BackupBot – Deep Dive into ProactiveAI
ProactiveAI is the next generation of Retrospect’s Proactive scheduling engine. With ProactiveAI, backup scripts will optimize the backup window for the entire environment based on a decision tree algorithm and linear regression to ensure every source is protected as often as possible. BackupBot is Retrospect’s first step–with ProactiveAI, Storage Predictions, and 1-Click Backup–toward leveraging that information for better data protection.
Artificial intelligence might seem exotic and complicated, but if you break it down, many machine learning algorithm that fall under that category are straight-forward to understand. ProactiveAI is no different. Under the hood, ProactiveAI’s algorithm is a list of choices (a decision tree) that takes into account past events (linear regression).

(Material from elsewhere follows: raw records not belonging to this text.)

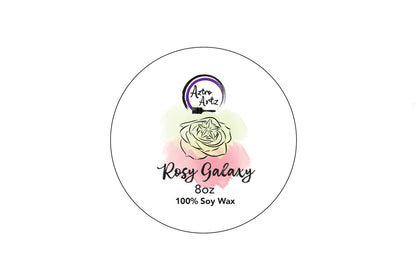 Rosy galaxy 8 oz candle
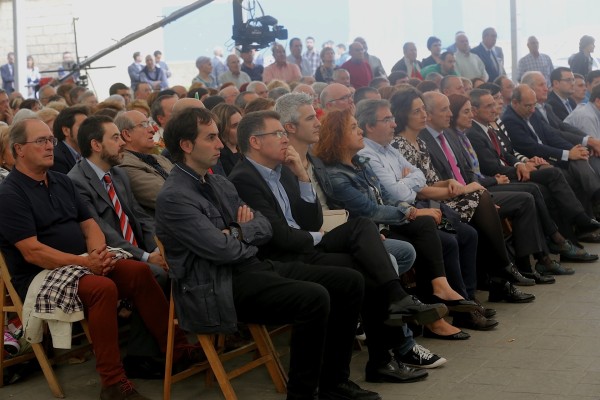 Basauriko mitina - Andoni Busquet Unai Rementeria Iñigo Urkullu Andoni Ortuzar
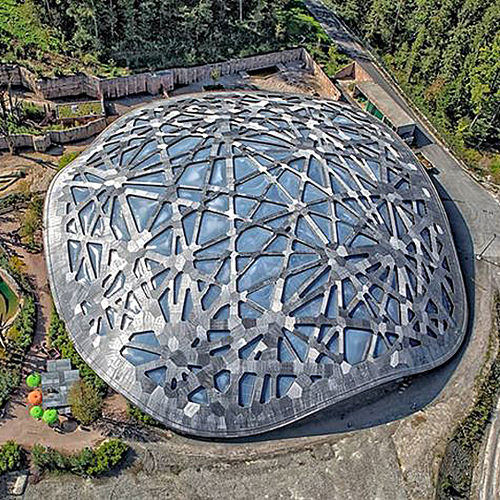 Кровельная система для металлического профиля - KAENG KRACHAN ELEPHANT PARK ZÜRICH ZOO, SWITZERLAND - Vector Foiltec - ETFE Texlon® / для профессионального использования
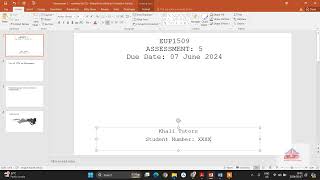 2024|  EUP1501| S1| ASSIGNMENT 5| POWERPOINT | STEP 2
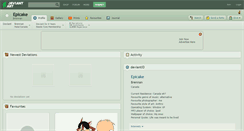 Desktop Screenshot of epicake.deviantart.com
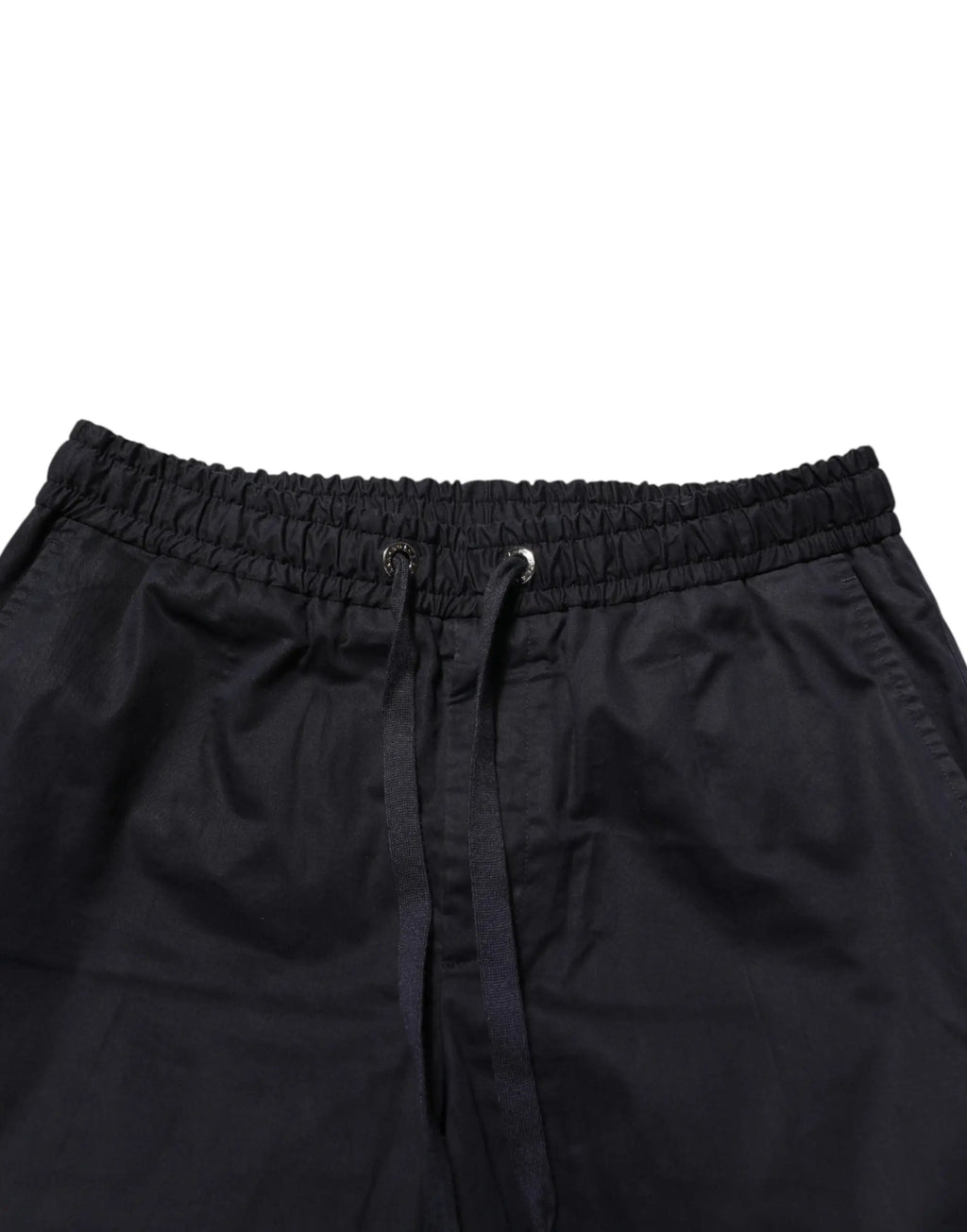 Pantalon de jogging homme dolce & gabbana noir taille mi-haute avec cordon de serrage et coutures discrètes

ProactiveAI walks through the following decision tree algorithm to prioritize what to back up next:
Verify backup window: ProactiveAI only runs when it’s allowed to. To restrict the backup window, go to the script’s schedule.
Verify an execution unit is available: ProactiveAI only runs when an execution unit is available.
Ignore last backup time: Retrospect can back up every hour, every day, every Sunday, or any other schedule. As soon as ProactiveAI sees a new backup window (i.e. a new day), it will attempt to back up the sources. In contrast, previous versions of Retrospect would respect the time at which the last backup occurred. See "Backup Window" for more details.
Ignore unavailable sources: If a source is unavailable, Retrospect will not attempt to reach it again until every potentially available source has been contacted. This list includes Wake-on-LAN sources. See "Wake-on-LAN" for more details.
Prioritize by next day: For all available or potentially available sources, Retrospect divides them into buckets for what day they are scheduled to be backed up next.
Using a future date might seem strange, but it can be in the past as well. This sorting algorithm ensure Retrospect prioritizes initial backups and then overdue backups. Think of it as last backup day combined with the script’s schedule. As an example, Script A with weekly backups and Script B with daily backups would calculate the next backup date differently.
Prioritize by last time checked: When Retrospect reaches out to a source, it marks that time in its configuration. ProactiveAI uses this time to ensure it doesn’t re-check sources that it already checked but couldn’t find, so that the script can get through the entire list of sources before circling back.
Prioritize by the last backup’s duration: Now that Retrospect is down to sources within the same day of priority, ProactiveAI sorts them using a linear regression algorithm based on the last backup’s duration. Sources with faster previous backups will be backed up sooner than sources with slower previous backups.
As a real-life example, incremental backups of email services are fast, so those would be prioritized over a longer server backup. Because of this sorting, Retrospect will protect more sources throughout the day, but if a long server backup does not happen on a given day, its backup will be automatically given higher priority because its next backup was the day before.
Our Engineering team experimented with more data points in the linear regression, but the resulting sort order was too prone to hysteresis. In other words, if Retrospect includes more past data, including backup durations that were anomalies, the future prioritization continued to be affected for longer than we thought was useful.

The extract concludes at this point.